Identity and Inclusion
L.A. Director of Be’chol Lashon Davi Cheng, second from left, participates in a forum at the National Center for the Preservation of Democracy.
(Photo: Mikey Hirano Culross/Rafu Shimpo)
Changing attitudes on multicultural families and intermarriage was the topic Thursday evening at the National Center for the Preservation of Democracy in Little Tokyo, during a forum organized by the Asian Jewish Initiative.
The event, whose sponsors included the Anti-Defamation League and the Asian Pacific American Legal Center, had the stated goal of helping to advance partnerships between the Asian and Jewish communities, yet broadened its approach to include discussions of multicultural identity struggles and the question of gay and lesbian participation in Judaism.
The evening was highlighted by a spirited presentation by artist Kip Fulbeck, author “Part Asian, 100% Hapa,” among other titles.
After opening with a one-man sketch in which he is interviewing for a job and forced to identify himself within a single ethnic group, Fulbeck related some of his experiences of being of mixed race and the challenges he has faced.
“It was only nine years ago that the U.S. Census allowed residents to check more than one box relating to race,” Fulbeck noted, adding that his parents were married before the repeal of anti-miscegenation laws that forbade mixed-race couples from being married.
“For kids, they had to choose the race of either their mother or father, and that’s a hard thing to do for someone so young,” he said.
A discussion followed Fulbeck’s comments with a panel guests that included KABC news anchor David Ono, whose mother was Japanese.
“My mother died when I was very young, and growing up in San Antonio, Texas, I didn’t really know what it meant to be Japanese,” Ono said, recalling his childhood. “Back then, in the 70s and 80s, Texas was not very diversified.

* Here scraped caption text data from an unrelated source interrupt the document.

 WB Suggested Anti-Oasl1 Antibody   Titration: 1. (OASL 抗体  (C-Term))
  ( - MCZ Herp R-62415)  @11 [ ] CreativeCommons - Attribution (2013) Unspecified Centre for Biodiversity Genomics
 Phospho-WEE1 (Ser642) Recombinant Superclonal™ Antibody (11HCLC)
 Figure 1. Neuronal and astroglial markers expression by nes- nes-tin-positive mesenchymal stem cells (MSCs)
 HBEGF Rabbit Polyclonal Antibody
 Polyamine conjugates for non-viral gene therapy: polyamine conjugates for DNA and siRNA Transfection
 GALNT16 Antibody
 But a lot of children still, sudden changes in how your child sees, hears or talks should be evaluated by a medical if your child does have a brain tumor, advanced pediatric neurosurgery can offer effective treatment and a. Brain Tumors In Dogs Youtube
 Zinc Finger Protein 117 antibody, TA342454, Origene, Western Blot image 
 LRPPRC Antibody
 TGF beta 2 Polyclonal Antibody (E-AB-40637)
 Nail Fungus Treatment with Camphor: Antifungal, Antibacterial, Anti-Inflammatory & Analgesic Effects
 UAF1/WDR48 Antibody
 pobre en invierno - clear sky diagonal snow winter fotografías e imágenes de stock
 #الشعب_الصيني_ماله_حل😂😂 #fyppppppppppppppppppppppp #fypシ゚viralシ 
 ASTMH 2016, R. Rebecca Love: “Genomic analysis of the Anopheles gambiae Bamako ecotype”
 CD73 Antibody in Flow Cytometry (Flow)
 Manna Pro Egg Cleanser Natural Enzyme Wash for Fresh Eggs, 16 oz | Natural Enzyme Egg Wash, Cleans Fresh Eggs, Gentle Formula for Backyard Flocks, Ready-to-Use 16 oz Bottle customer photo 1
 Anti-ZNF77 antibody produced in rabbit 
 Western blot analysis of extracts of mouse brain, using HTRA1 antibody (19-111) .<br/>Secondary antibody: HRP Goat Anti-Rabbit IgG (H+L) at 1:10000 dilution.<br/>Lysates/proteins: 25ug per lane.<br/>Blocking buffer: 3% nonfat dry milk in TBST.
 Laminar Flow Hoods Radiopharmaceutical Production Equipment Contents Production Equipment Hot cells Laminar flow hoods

Because I was of mixed race, people couldn’t quite figure out what I was. There was a lot of assumption that I wasn’t Hispanic, because I had dark hair.”
Ono said that it was until he relocated to California that he became more aware of how many people were embracing their multiracial heritage and sharing their stories.
“It’s been a rather remarkable learning process,” Ono said. “You can’t help but immerse yourself into these issues and learn about them and what it’s like.”
The forum had an added sense of sobriety in light of the recent killing of a doctor by an antiabortionist radical and this week’s slaying of an African American security guard by a white supremacist at the Holocaust Museum in Washington D.C.
Davi Cheng, Hong Kong-born vice president of the Union of Reform Judaism Pacific Southwest region and L.A. director of Be’chol Lashon, was among the panelists.
“It’s a perversion of the symbols,” Cheng said referring to the killings. “This doctor was gunned down in a church. The guard was killed in a museum of tolerance.”
Cheng attended the discussion with her spouse, Bracha. The two were married last July after the California State Supreme Court struck down a law banning same-sex marriage and before the passage of Proposition 8 reinstated the ban. She said that her life has helped her to see the world in a unique way.
“As a Chinese lesbian Jew, I have the good fortune of experiencing life through many different perspectives,” she said during the discussion.